12/4/23: i took a year off to give grief a long minute. much of what I did in 2022-2023 was private and unseen. however, some things still got made that you can witness and touch. here they are:
recent writing and performance:
“Feeding the Revolution: Crip love, mutual aid, and pots of immune-boosting soup on the stoop.” Eater, as part of Alice Wong’s Low and Slow disabled food series.
second edition The Future Is Disabled, with new afterword and “Against the Great Forgetting” essay.
unghosted: A Virtual Reading Room Celebrating Asian Diasporic Trans, Nonbinary & Gender-Expansive Writers November 11, 2023. This event, organized in the wake of the 2023 Asian American Literary Festival’s cancellation, was be held virtually on Zoom, featuring Andrea Abi-Karam, Ashna Ali, H Felix Chau Bradley, Celeste Chan, 최 Lindsay, Chae(lee) Dalton, River 瑩瑩 Dandelion, Eli Tareq El Bechelany-Lynch, Zeyn Joukhadar, Koomah, e.jin, Leah Lakshmi Piepzna-Samarasinha, Trish Salah, Willy Wilkinson. Curated by Ching-In Chen, Noah Arhm Choi, Chrysanthemum, and Yanyi. In collaboration with Asian American Writers’ Workshop, Asian/Pacific/American Institute at New York University, Brew & Forge, The Circle for Asian American Literary Studies (CAALS), Kaya Press, Kundiman, Lambda Literary, Loyalty Books, and Palah Light Lab at The New School.
home is a holy place: Asian/ Pacific Islander Organizing for Survival and Love. Lecture, Smith College, November 9, 2023
18 Million Rising “did you eat yet?” newsletter takeover for disabled liberation month.
I wanna be with you everywhere summer solstice gathering. Performance Space NY, June 21, 2023. disabled ancestor grief portal altar. altar/ installation, with artwork by Jen White Johnson, Derek Dizon and Claudia Leung.
odes to the lost/never lost: poetic suite of disabled memory, remembering our beloved dead.
where do we go from here? a roundtable from some disability justice organizers in this the only moment in time. Disability Visibility Project, May 2023. With Tasha Fierce, Aimi Hamraie, Sami Schalk, Bri Joy Yakshini-Moore
In defense of autistic trans self-detirmination. co-authored by Cyree Jarelle John and me.
a long winter crip survival guide for pandemic year 4/forever. by me and tina “contant tt” zavitsanos. jan-feb 2023, 2.0 version launched nov 2023. compilation of tips and hacks for safer hangs outside in cold winters by/for disabled people enraged from being pushed out of public life.

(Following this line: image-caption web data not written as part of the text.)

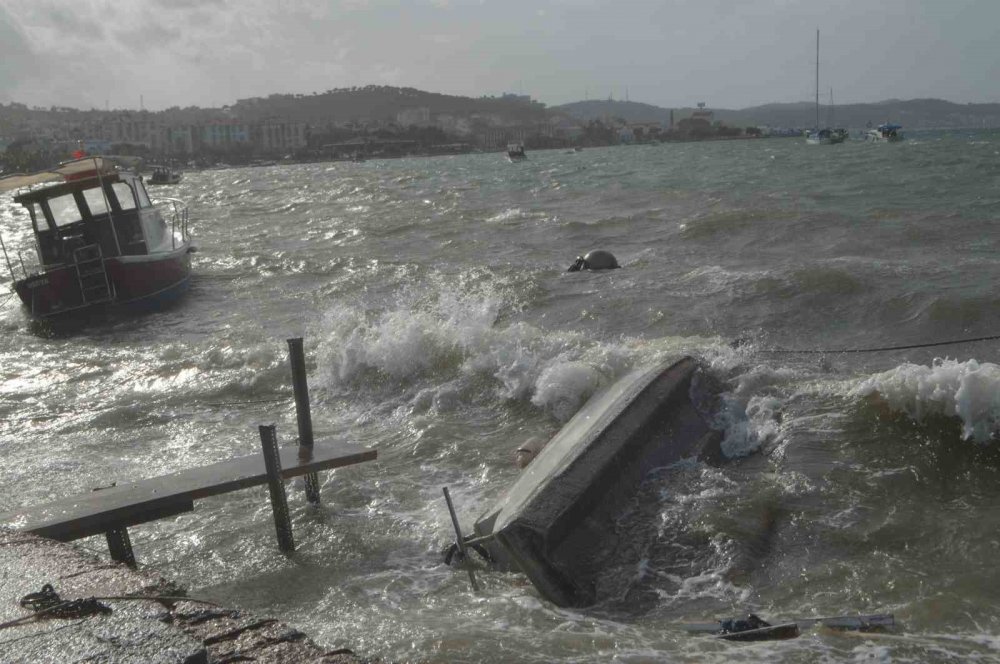 Her fırtınada paramparça oluyorlar! Ayvalık'ta amatör balıkçılar bakanlığa çağrı yaptı!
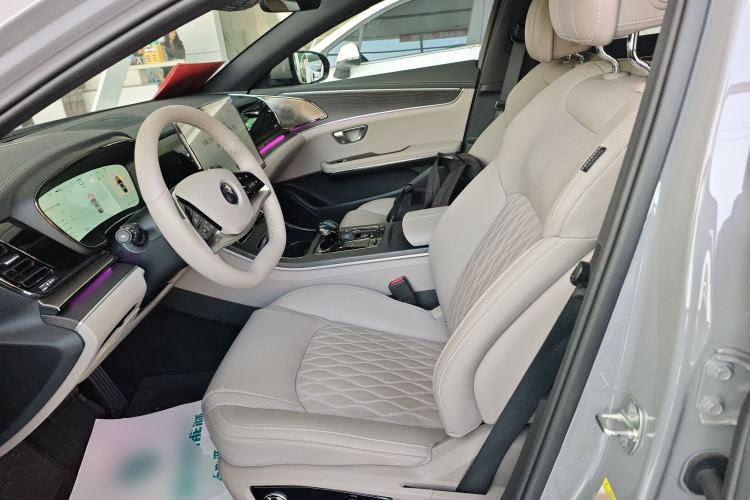 Used BYD Han 2025 DM-i Intelligent Driving Edition 125KM LiDAR Flagship Model Left Front Seat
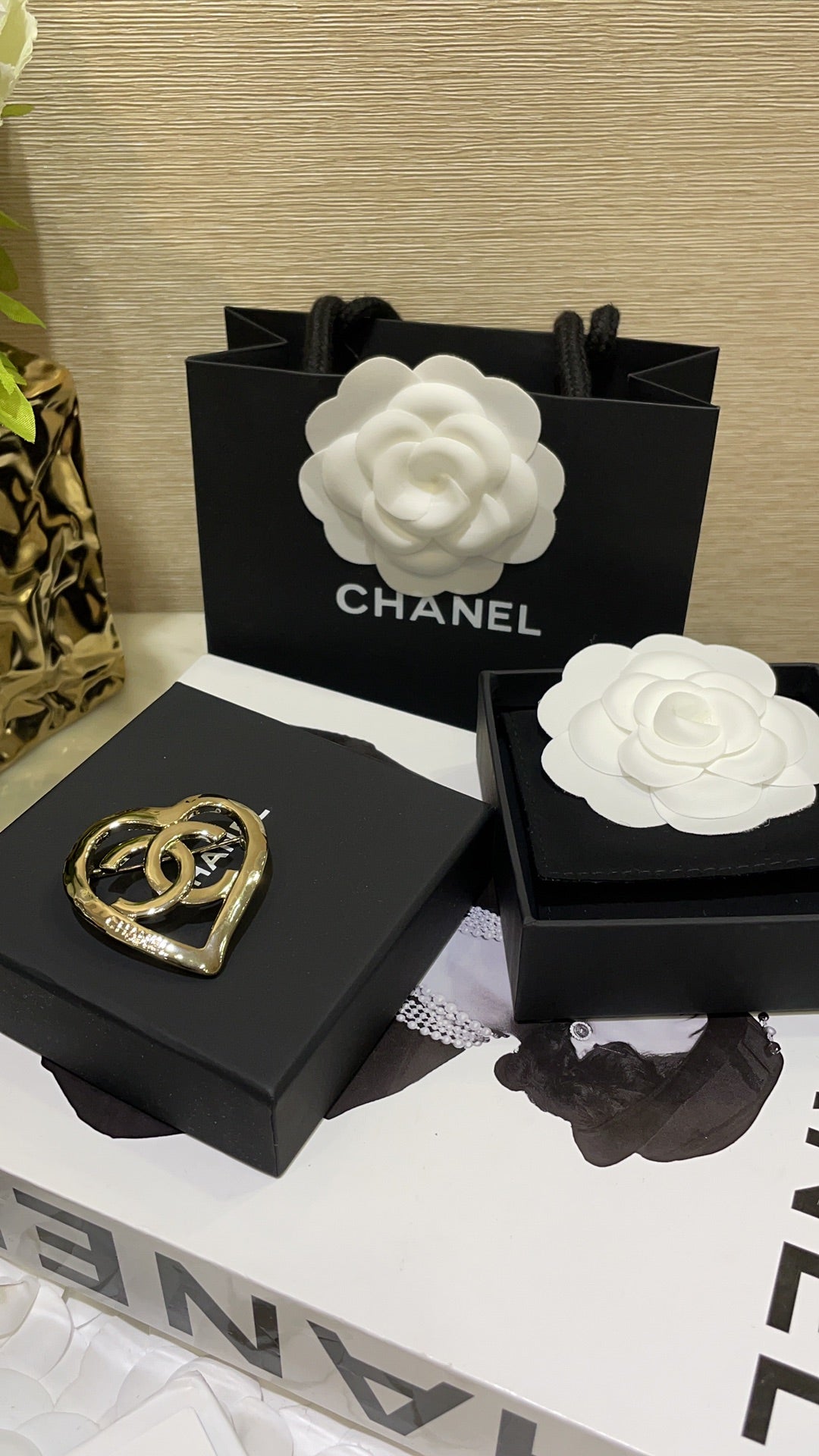 CC Brooch Gold 159549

new poems, “When your friend dies like Jesus on her 33rd birthday and “I want to kill the medical industrial complex for you.” Massachusetts Review: Disability Justice. winter 2022.Volume 63,Issue 4
Wired. Kinetic Light. Full length poetic audio description suite for this “passionate and potent aerial and contemporary dance experience that tells race, gender, and disability stories of barbed wire in the United States. The dancers of Kinetic Light trace the fine line between “us” and “them” as they explore the contradictions, dangers, and beauty of barbed wire. Immense and intimate, Wired meditates in sound, light, and movement as it questions and ruminates on power, belonging, abolition and deinstitutionalization, sexuality, art, community, and connection—all through the powerful lens of disability as creative and cultural force.” 2022-present, various venues including Museum of Contemporary Art Chicago, Lincoln Center NY, online.